Tabii bu araştırmaların sonunda ortaya ‘parlak’ sonuçlar çıkmayabilir. Ancak elde edilecek veriler bize nelerin, hangi boyutta yapılıp yapıl/a/madığını göstermesi bakımından da gelecek plânlamalarında işe yarar malzeme sunacaktır. Örneğin, Kültür ve Turizm Müşavirlikleri, Askeri Ateşeler gibi kurumsal yapılar bağlamında da, Malay dünyasına erişimde nelerin ortaya konulduğu açıkça akademik sorgulanmanın içerisine girmektedir. Tarihin değişik evrelerinde var olduğu ileri sürülen kimi etkileşimlerin sosyo-kültürel ve dini vechesi kadar, meşhur Osmanlı yardımlarının varlığı da üniversal anlamda askeri ateşelerin de içinde yer alacağı bir alana kapı aralamaktadır. Konuyu biraz daha aşikâr kılma adına şu örneği verebilirim.
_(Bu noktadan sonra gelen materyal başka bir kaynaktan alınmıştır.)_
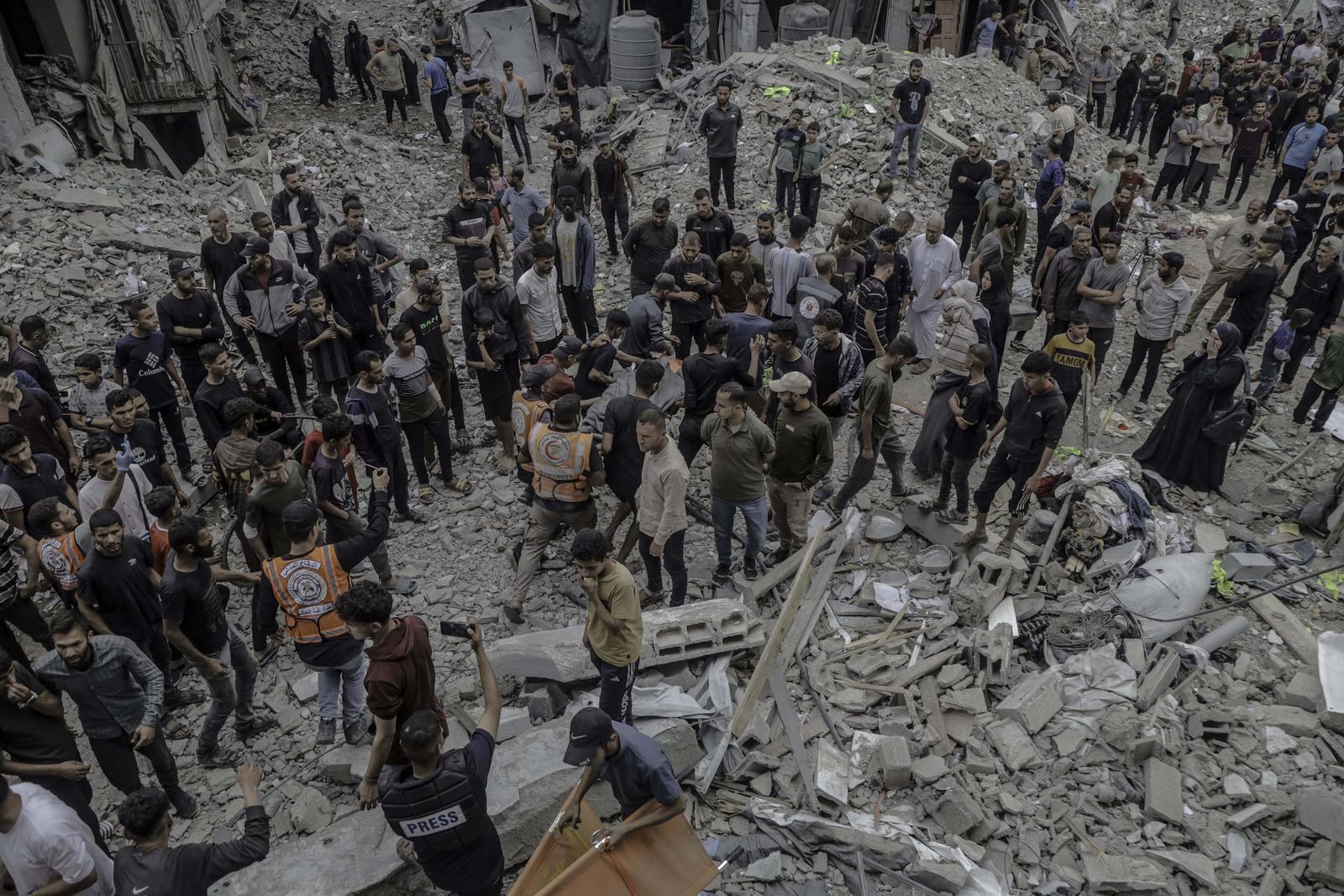 Paramedics and Palestinian people carry the bodies of people killed in Israel's attack on al-Touba (al-Tawbah) Mosque west of Jabalia Camp, north of the Gaza Strip on May 15, 2025. Photo by Abood Abusalama/Middle East Images/ABACAPRESS.COM Photo: Middle East Images/ABACA/ABACA
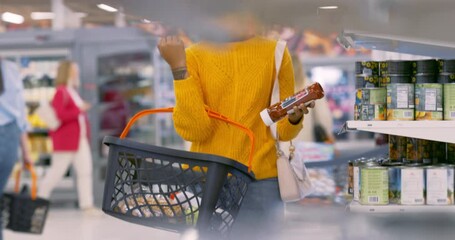 Cinematic Footage of an African Woman Standing in a Grocery Aisle, Carefully Examining the Labels and Selecting Food Items From the Shelf. Adding Peas and Ketchup to Her Shopping Cart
Başta Sumatra Adası’nın kuzeyinde Açe bölgesi olmak üzere Malay dünyasında var olduğu bilinen ve kimi çalışmalarda ‘Osmanlı gönderisi’ ve/ya Osmanlı topçu uzmanlarının katkılarıyla üretimi gerçekleştirildiği ileri sürülen savaş toplarının neye tekabül ettiğini, herhalde maden arkeolojisi ve top yapımı uzmanlığına hakim olduğu varsayılan askeriyeden öğrenmek en kestirme ve anlamlı bir yol olsa gerek. “Peki bu ve benzeri alanda çalışmalar yapıldı mı?” sorusunu, bunun bir akademik çalışmanın konusu olduğunu söyleyerek geçiştirmek istiyorum.
Osmanlı/Türk ve Malay dünyası ilişkilerini gündeme taşırken, bu iki coğrafyayı birleştiren geniş bir su yolu, yani Hint Okyanusu’nun varlığı göz önünde bulundurulmalıdır. Bu geniş su yolu ve onu çevreleyen kara parçalarının ilgi alanına taşınması, Osmanlı-Malay dünyası arasındaki ilişkileri bütüncül bir yapıya kavuşturulması bağlamında tamamlayıcı olacaktır. Kuşkusuz ki, bu çalışma alanının çok daha genişletilmesi çeşitli zorlukları da beraberinde getirecektir. Ancak araştırma dünyasında zaten hiçbir şeyin kolay olmadığı hatırlandığında, biri Batıda diğeri Güneydoğu’da iki farklı kültür evrenini bir bağlama oturtmanın zorluğu da malum.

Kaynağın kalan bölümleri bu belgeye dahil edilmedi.